2. Pretende-se ver apreciada a inconstitucionalidade das normas contidas nos:
> art.º 24º, n.ºs 2 e 3, do Decreto–Lei n.º 387-B/87, de 29 de Dezembro;
> art.º 33º, n.º 4, da Lei n.º 34/2004, de 29 de Julho;
> art.ºs 120º, n.º 1, alínea a) do Código Penal;
> art.ºs 68.º, n.º 3, alínea b), 287.º, e 379.º, n.º 1, alínea c), 380.º, n.º 1,
alínea b), e n.º 3, 401.º, n.º 1, alíneas b) e d), 414.º, n.ºs 2 e 3, 417.º, n.º
5, alínea b), e 420.º, n.º 1, alínea b), do Código de Processo Penal;
> art.º 666.º, n.ºs 1 e 3, do Código de Processo Civil;
na sua aplicação conjugada e concomitante, com as interpretações alcançadas das
decisões recorridas, que se podem sumariar em que:
a) é licito ao tribunal conhecer de matéria que lhe não foi colocada
expressamente, declarando a não prescrição do
procedimento criminal, quando esta havia sido determinada em dia certo, por
decisão anterior transitada em julgado – tese que se alcança do conjunto
decisório, que não foi objecto de apreciação pelo Venerando Tribunal da Relação;
b) a pendência do incidente de protecção jurídica impede o início do prazo de
prescrição do procedimento cautelar – entendimento que se retira do texto
decisório de 1.ª instância – ainda que imperfeitamente expresso;
c) o prazo para a constituição como assistente em processo penal não está
interrompido durante o recurso jurisdicional tirado sobre a decisão de apoio
judiciário – confusa teoria jurídica que se alcança, com idêntica imperfeição,
do teor das decisões;
d) o ofendido, com pendência de admissão como assistente, não tem legitimidade,
por falta de interesse em agir, para interpor recurso de decisão tirada sobre
prescrição do procedimento criminal com ofensa de caso julgado.

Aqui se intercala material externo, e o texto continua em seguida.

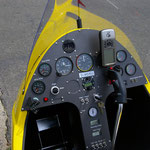 Das Cockpit des Gyrokopters.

3. Esta interpretação normativa afigura-se como violadora dos imperativos dos
art.ºs 3.º, n.º 2, 9.º, alínea b), 13º, n.ºs 1 e 2, l6.º, n.º 2, 18.º, n.º 1,
20.º, n.ºs 1, 4 e 5, 32.º, n.ºs 1 e 7, 202.º, n.º 2, e 203.º, da Constituição da
República Portuguesa.
4. A questão de inconstitucionalidade foi suscitada expressa e cautelarmente,
ainda que de forma sucinta e resumida, nas conclusões 2.ª, 9.ª e 11.ª do recurso
apresentado ante o tribunal a quo, bem como no requerimento de aclaração, ali
quanto à matéria jurídica imprevista e inusitada quanto à ilegitimidade para
recorrer, as quais se têm aqui por integralmente reproduzida para todos os
efeitos legais como se estivessem transcritas.

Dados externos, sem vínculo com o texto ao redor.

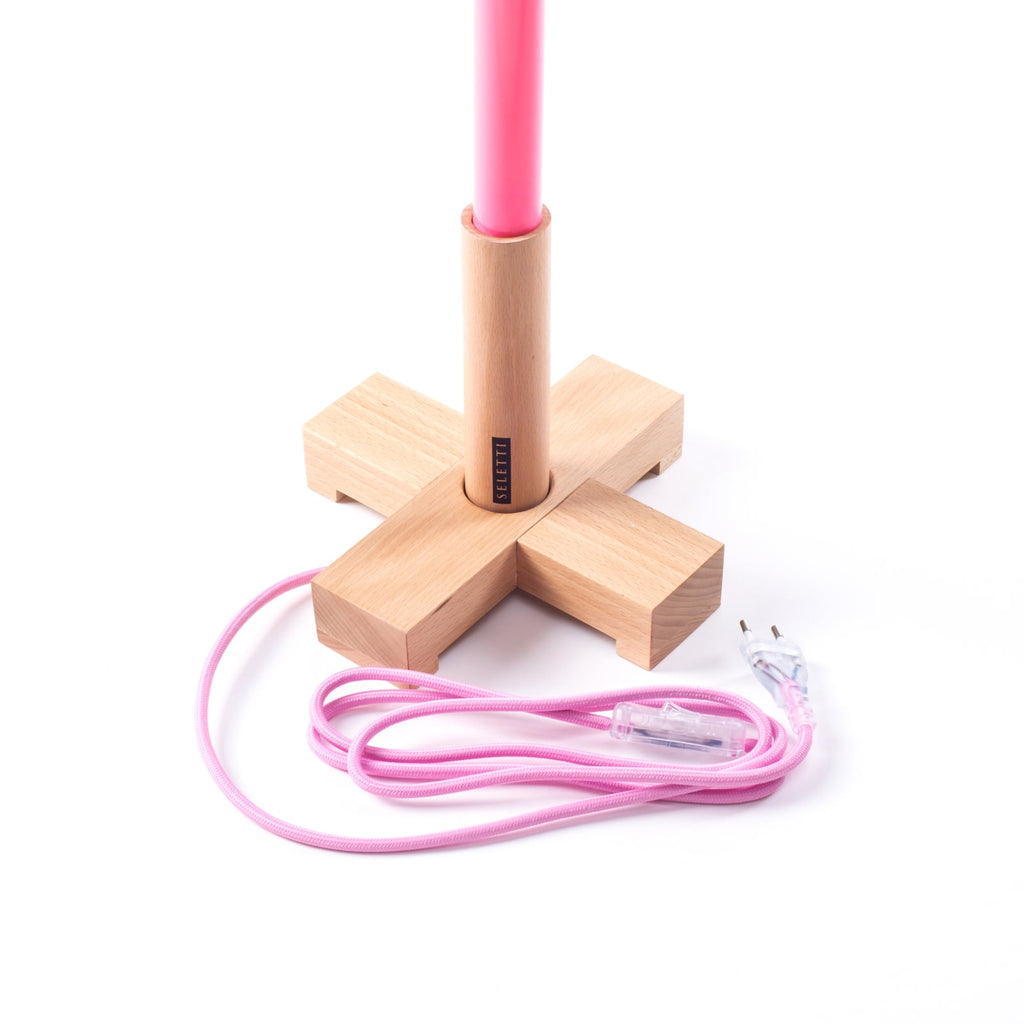 Oversikt av LED lampe Linea rørformet glass/tre fuchsia 135 cm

5. A interpretação considerada correcta das sobreditas normas legais, na sua
correlatividade, concomitância e complementaridade está diluída ao longo das
conclusões 1.ª 3.ª a 8.ª e 10.ª do sobredito recurso e ao longo do requerimento
de aclaração, mas que se podem resumir, por referência a cada uma delas:
a) não pode o tribunal conhecer de questão que lhe não foi expressamente
colocada, quanto à prescrição do procedimento criminal, já determinada em dia
fixo por decisão transitada em julgado;
b) O procedimento jurisdicional de apoio judiciário é autónomo dos processos
para onde foi requerido o instituto, sem qualquer repercussão no andamento
desta, sob pena de violar direitos dos arguidos, sendo que no regime do
Decreto-Lei n.º 387-B/87 o recurso de agravo interposto pelo seu requerente
tinha efeitos suspensivos da eficácia da decisão, e só desta.

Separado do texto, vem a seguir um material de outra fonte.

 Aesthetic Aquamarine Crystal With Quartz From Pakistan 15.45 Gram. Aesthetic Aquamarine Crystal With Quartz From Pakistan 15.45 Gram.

b) o prazo para admissão como assistente, e só este, está interrompido durante o
procedimento incidental de apoio judiciário, começando a correr de novo com o
seu termo.
c) O ofendido, que é chamado a pagar taxa de justiça para ser admitido como
assistente após a ocorrência da prescrição do procedimento criminal, tem a
legitimidade, advinda do seu interesse em agir, para interpor recurso de decisão
que, ofendendo caso julgado, não reconhece essa prescrição e o pretende obrigar
a pagar tal taxa de justiça.
6. O presente recurso deverá subir imediatamente, nos próprios autos e com
efeito devolutivo.
Nestes termos e nos mais de direito, se requer a sua admissão para os demais
termos processuais, onde aprofundadamente se alegará sobre a matéria submetida
ao superior juízo constitucional.”
2. Pelo acórdão de 24 de Junho de 2009 (fls. 324 e segs.), o Tribunal da Relação
de Lisboa decidiu (a) não tomar conhecimento do recurso interposto pelo
recorrente (queixoso), na parte respeitante à (não) prescrição do procedimento
criminal e (b) negar provimento ao recurso no mais, isto é, na parte respeitante
à liquidação da taxa de justiça e da multa (taxa de justiça sanção) relativas ao
pedido de constituição de assistente. O acórdão de 28 de Outubro de 2009
limitou-se a indeferir o pedido de aclaração ou de correcção do acórdão
anterior.
No que respeita à primeira questão – aquela a que directamente respeita o
recurso de constitucionalidade – o Tribunal da Relação disse o seguinte:
“(…)
A. O procedimento criminal mostra-se extinto?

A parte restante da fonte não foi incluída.